Wherein the maine errors of the Arminians are laid open, by which they are fallen off from the received Doctrine of all the Reformed Churches, with their opposition in divers particulars to the Doctrine established in the Church of England.

Discovered out of their owne writings and confessions, and confuted by the Word of God.

By Iohn Owen, Master of Arts of Queens Colledge in Oxon.

Produce your cause, says the Lord, bring forth your strong reasons, says the King of Iacob:

Isa. 41:21.

Woe to him that striveth with his Maker, let the pot sheards strive with the potsheards of the earth:

Chap. 45. 9.

LONDON Printed by I. L. for Phil. Stephens, at the golden Lion in Pauls Church-yard. 1643.
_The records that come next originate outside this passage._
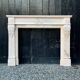 Louis XVI Style Fireplace in Pink Marble Circa 1980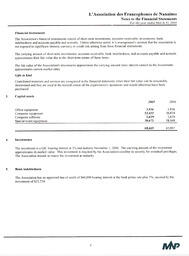   ÉTATS FINANCIERS - EN, 2005   , page 11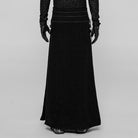 PUNK RAVE Men's Punk Side Slit Long Skirt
Dedication to the Committee for Religion

The many ample testimonies of zealous reverence to the providence of God, as well as affectionate care for the privileges of men, which have been given by this Honourable Assembly of Parliament, encourage the adorers of the one no less than the lovers of the other, to vindicate that also from the encroachments of men. And as it was not doubtless without divine disposition, that those should be the chiefest agents in robbing men of their privileges, who had nefariously attempted to spoil God of his providence: so we hope the same all-ruling hand has disposed of them to be glorious instruments of re-advancing his right and supreme dominion over the hearts of men, whose hearts he has prepared with courage and constancy to establish men in their inviolated rights: by reducing a sweet harmony between awful sovereignty and a well-moderated liberty. Now the first of these, being committed to your particular care, I come to you with a bill of complaint against no small number in this kingdom, who have wickedly violated our interest in the providence of God, and have attempted to bring in the foreign power of an old idol, to the great prejudice of all the true subjects and servants of the most High. My accusation I make good by the evidence of the fact, joined with their own confessions. And because to wave the imputation of violent intrusion into the dominion of another, they lay some claim and pretend some title to it, I shall briefly show how it is contrary to the express terms of the Great Charter of heaven to have any such power introduced among men. Your known love to truth and the Gospel of Christ makes it altogether needless for me to stir you up by any motives to hearken to this just complaint and provide a timely remedy for this growing evil: especially since experience has so clearly taught us here in England that not only eternal but temporal happiness also depends on the flourishing of the truth of Christ's Gospel.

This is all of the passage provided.